Dr. Hâkim el-Mutayri
25 Ramazan 1441
Zaruret, islam fıkhında dine, cana, akla, ırza
veya mala gelebilecek zarar ve telef korkusu hakkındaki şiddetli durumdur. Bunun
ancak haram bir fiili işlemekle kalkması sözkonusudur. Buradaki şart, bu
zaruretin iddia değil hakikat olmasıdır. Vehmî bir zarar değil, hakiki bir
zarar söz konusu olmalıdır. Yine bu zarar, haram fiil ile eşit seviyede ya da
def edilmemesi halinde daha büyük zarara girme sözkonusu olmalıdır.
Mescidlerin
kapatılması, Cuma ve beş vakit namazdaki cemaatin, hac ve umrenin iptal
edilmesinde zaruret olduğunu doğrulayan hiçbir şey söz konusu değildir! Böyle
bir muhayyerlik halinde bunu yapmak küfür ve riddet (dinden çıkış) demektir!
Namaz kılan sıhhatli
müslümanlar, kendilerinde mescidleri terk etmeye mecbur bırakacak bir şiddetli
durum hissetmemişlerdir. Hatta onları bundan yasaklayan, mescidlere gidenleri
suçlu gören, onları tutuklayan ve cezalandıran devletler dahi böyle bir durum
hissetmemişlerdir! Nitekim dinin kökten reddettiği ve hakkında “Hastalık
bulaşması ve uğursuzluk yoktur”, “İlkine bulaştıran kim?” ve “Bu ancak kaderdir”

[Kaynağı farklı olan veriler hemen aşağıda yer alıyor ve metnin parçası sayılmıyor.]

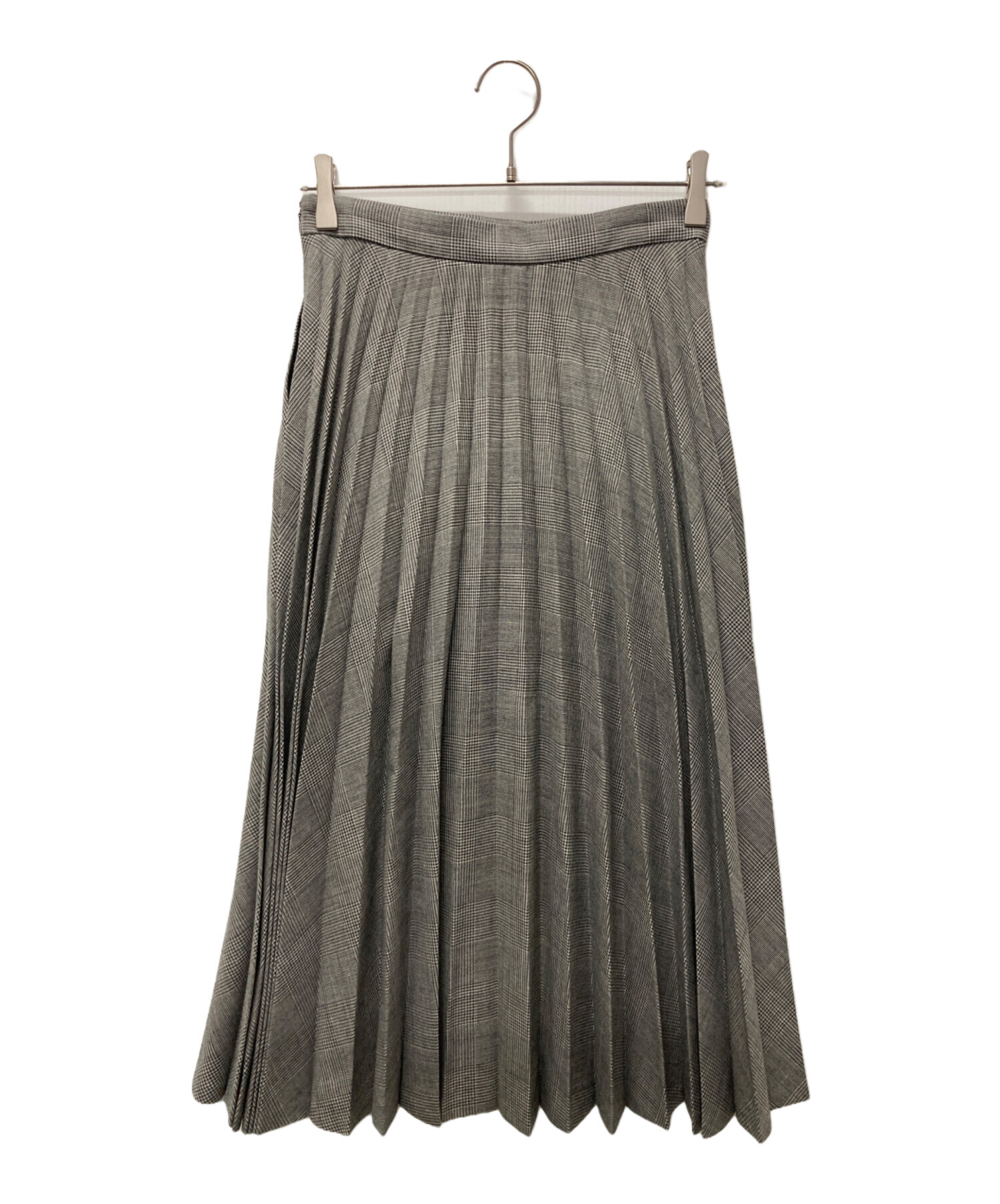 MARGARET HOWELL × FREDPERRY プリーツ スカート 2枚 中古・古着通販】FOX BROTHERS (フォックスブラザーズ) MARGARET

buyrulan, hastalığın bulaşacağı varsayılsa bile kendileri hakkında korona gribi
hastalığından korkmaları da söz konusu değildir!
Virüsün isabet edeceği
korkusunun zararı ve tehlikesi mevsimsel gripteki isabet ve ölüm oranlarından
fazla değildir! Nitekim doktorların kendileri bu hastalıktan tedavisiz ve
aşılama olmaksızın şifa bulma oranının %98’e ulaştığını teyit etmişlerdir. Ölüm
oranı ise %1’den azdır. Bu da iddia edilen zaruret ve şiddetli meşakkat
iddialarını yalanlamaktadır. Kendisi hakkında hastalıktan korkan kişiden Cuma ve
cemaat vacibinin sakıt olması ruhsatı ile bunun def edilmesi mümkündür. Nas ve
icma ile küfür olan; mescidleri kapatmak, Cuma ve cemaatleri iptal etmek,
sağlıklı kimseleri Allah’ın kendilerine farz kıldığı şeyleri eda etmekten
yasaklamak gibi haram olan işlere mecbur kalmak diye bir durum söz konusu
değildir. Hiç farkına varmadıkları, görevlileri işlerinden, halkı çarşılarından
engellemedikleri bir şeyden dolayı zaruret iddiası kabul edilemez. Hata bu
haramı işlemenin zararı dine karşıdır. Dinin şiarlarını iptal etmek, virüs
isabet etmesin diye – ki virüsün isabet etmesi hasta olmayı gerektirmez - cana gelecek
zarardan daha şiddetlidir! Üstelik bu hastalıktan tıbbî tedaviye, doktora
gitmeye, hastaneye gitmeye ihtiyaç duymadan şifa bulunmaktadır. Hastanede ilaç tedavisinden dolayı ölenlerin
miktarı da daha fazladır!
İsveç, Belarus gibi
devletlerin korona sebebiyle doğal hayat gidişatını iptal etmeye mecbur
kalmamaları bu konudaki zaruret iddiasının yalan olduğunu pekiştirmektedir.
Yine bu durum, bütün arap dünyasında mescidleri kapatmayı, cemaat ve Cuma namazlarını
iptal etmeyi zarureten gerektirdiği iddiasının yalan olduğunu da açıkça
göstermektedir! Yine mescidleri kapatmayan Endonezya, Pakistan ve başka bazı
İslam devletlerinde isabet oranının artmaması bu iddiaların batıl oluşunu
ortaya koymaktadır.
Buradaki zaruret
iddiası insanların kendi nefislerinde şahit olup hissettikleri bir
büyüklenmedir. Arap dünyasında böylesi daha önce meydana gelmemiştir! Bu
yalnızda haçlıların hamle kararlarını, işgalci Amerikalıların şu an İslami
toplumlara laikliği ve batılılaşmayı dayatarak koştuğu şartları uygulamaktır.